## RECORDED DATA
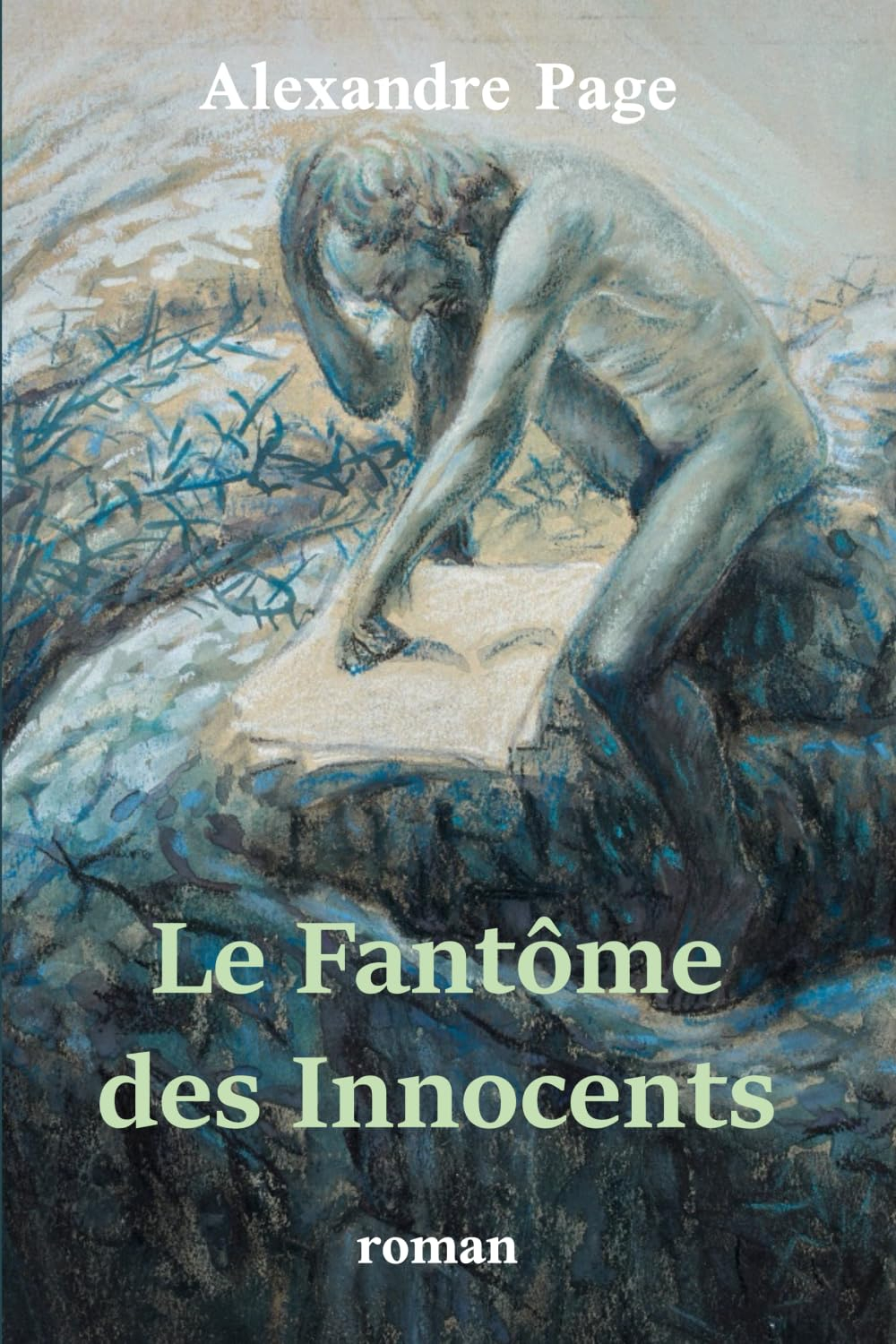 Le Fantôme des Innocents (suspense fantastique): édition grand format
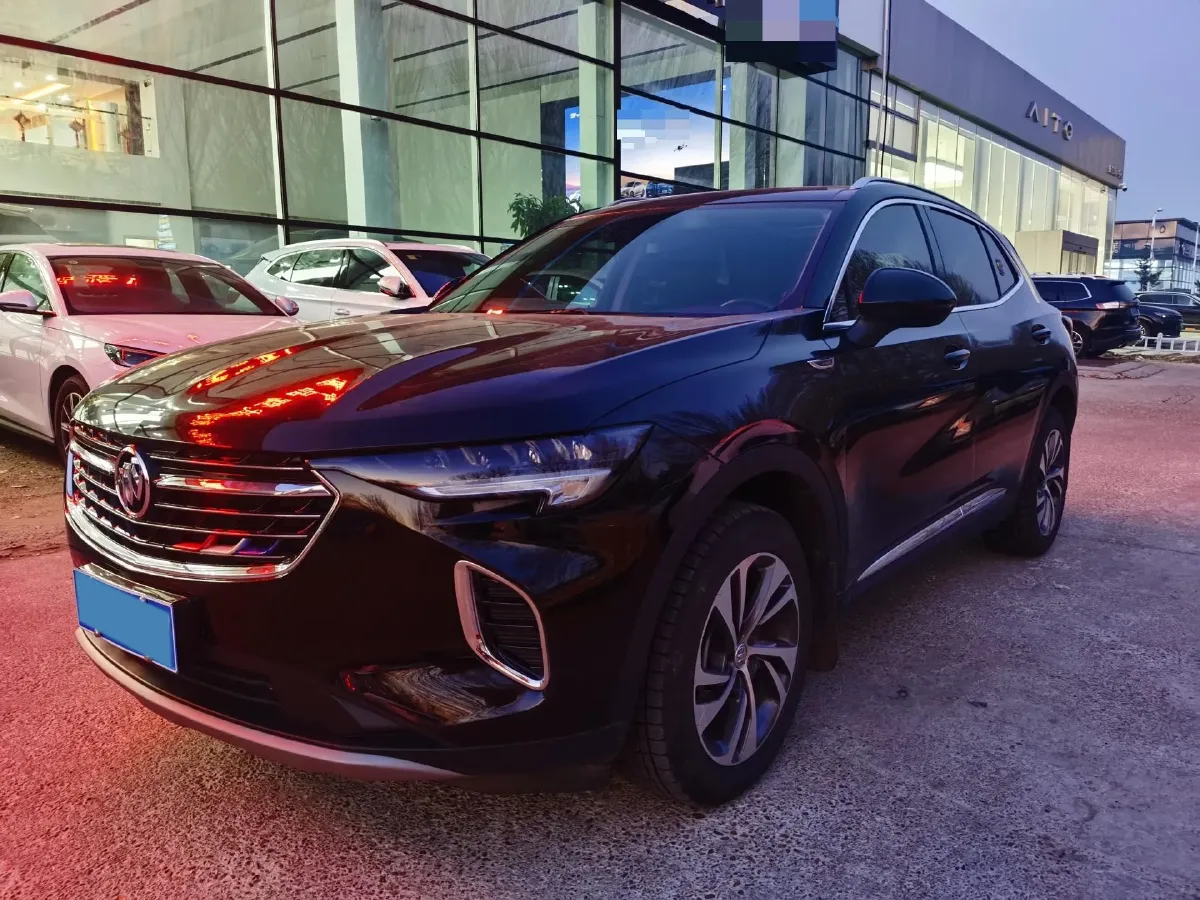 2022 Buick EnvisionS 1.5T 211HP L4 9AT,autocango,china used car exporter,china ev exporter,chinese used car exporter,chinese used ev exporter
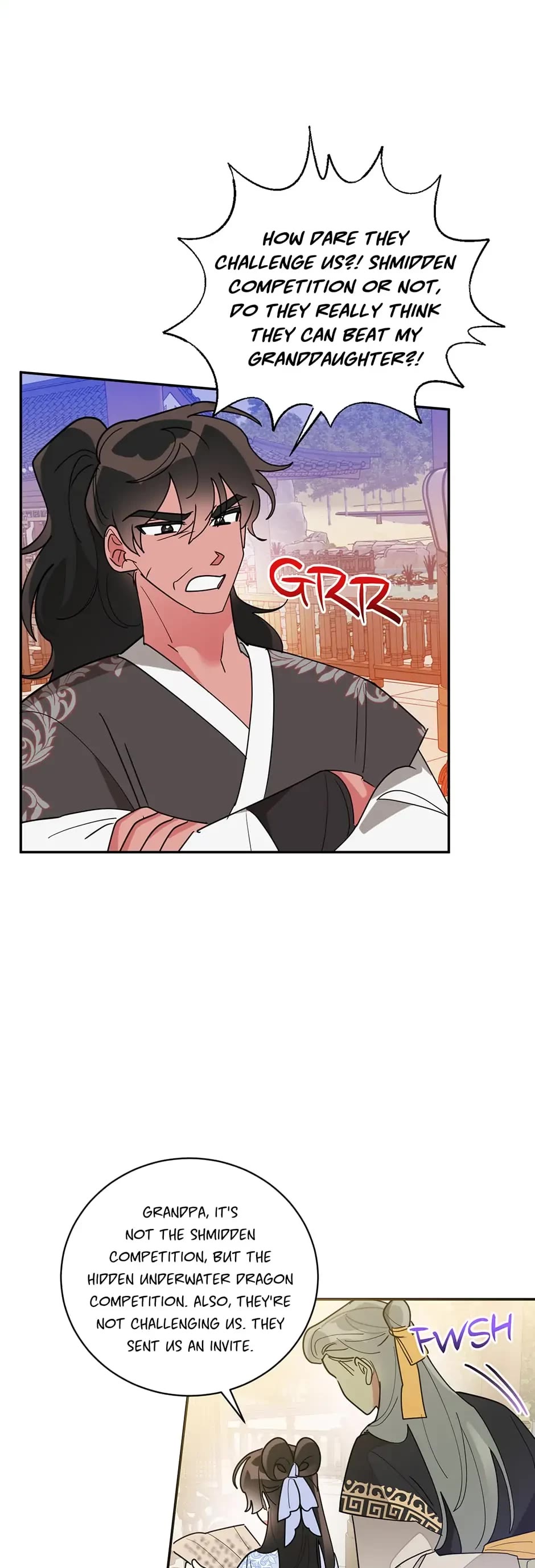 Precious Daughter of the Greatest Martial Arts Villain Chapter 77 page 14 - Chapter 77: Travelling Incognito
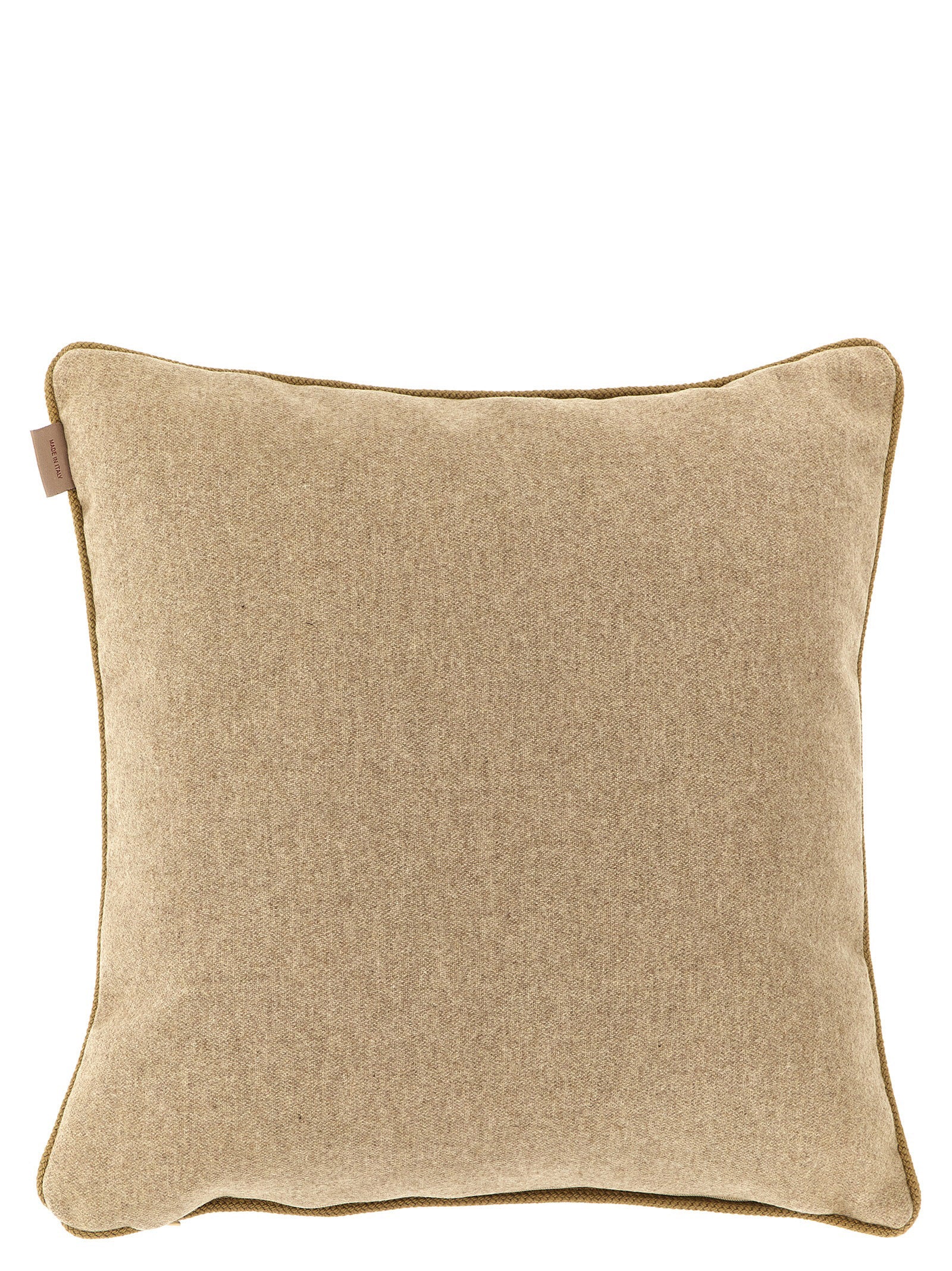 Etro Home Logo Cushion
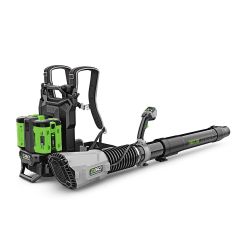  COMMERCIAL 800 CFM BACKPACK BLOWER WITH PEAK POWER™ WITH (2) 10.0AH BATTERIES AND CHARGER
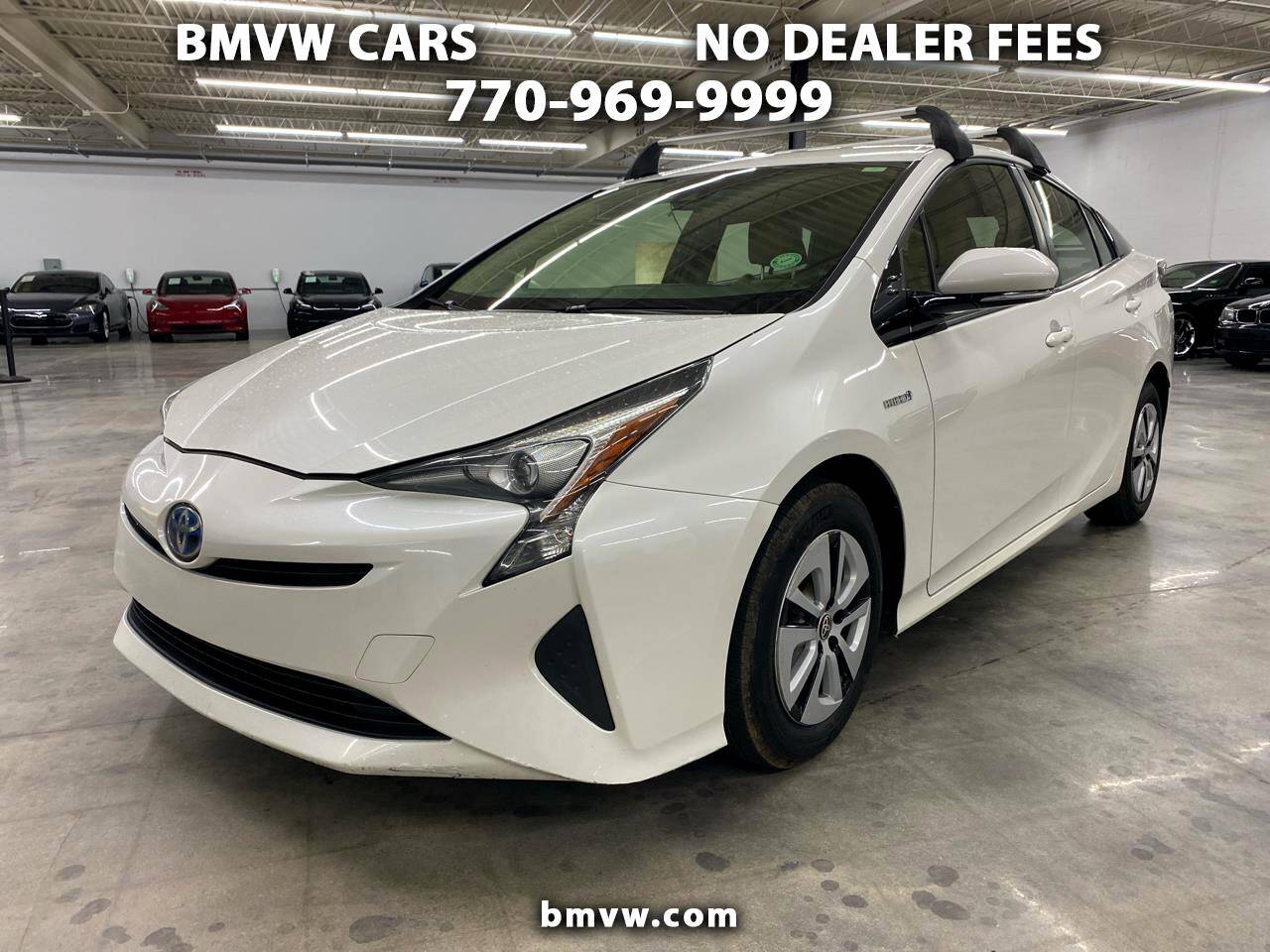 2018 Toyota Prius Three Touring — Hatchback — 157,302 mi — Union City, GA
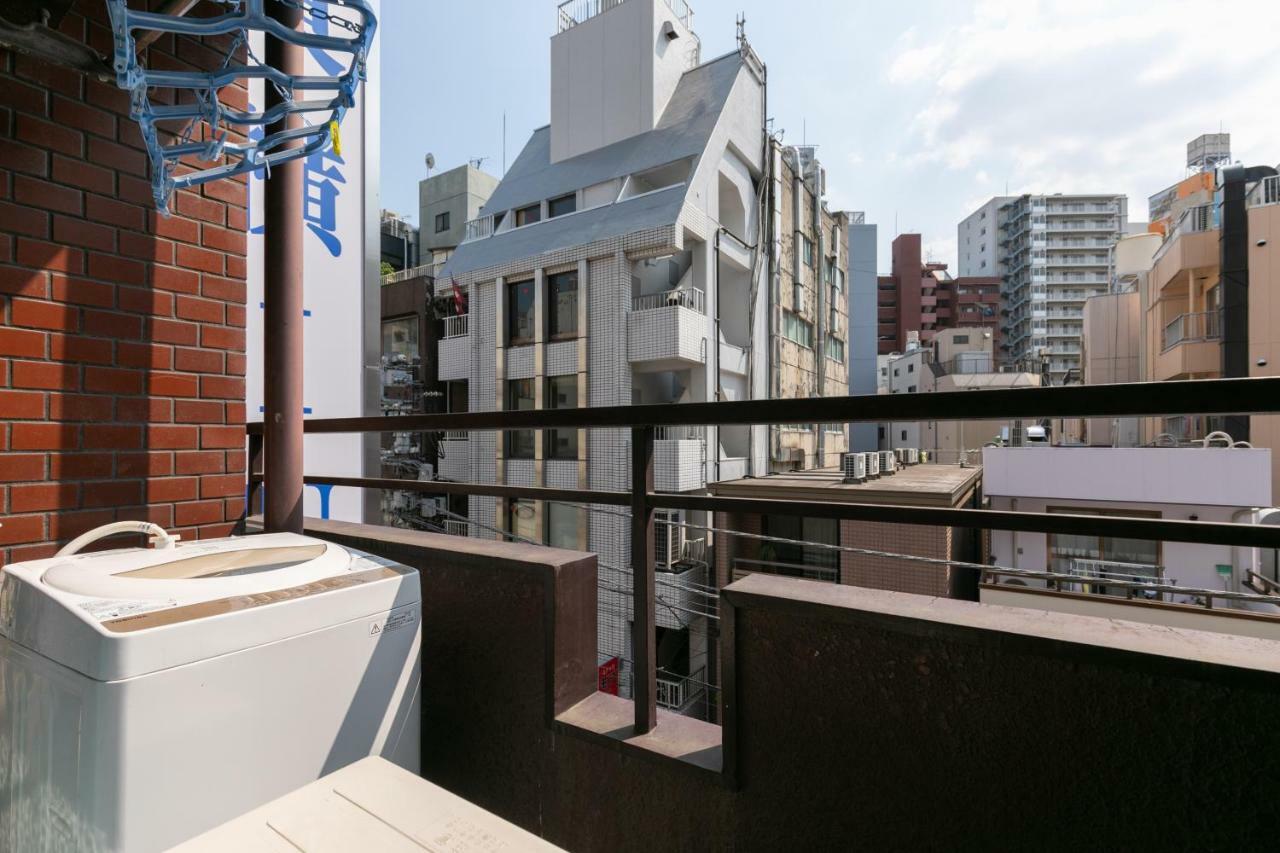 Convenient Apartment In Otsuka Токио Екстериор снимка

## EXERCISE INSTRUCTIONS
Nothing but the lines from the one with "2018 Toyota Prius" through the end of the entries above, both included, should be set down, exactly and without pictures.

## RESULT OF THE TASK
 2018 Toyota Prius Three Touring — Hatchback — 157,302 mi — Union City, GA
 Convenient Apartment In Otsuka Токио Екстериор снимка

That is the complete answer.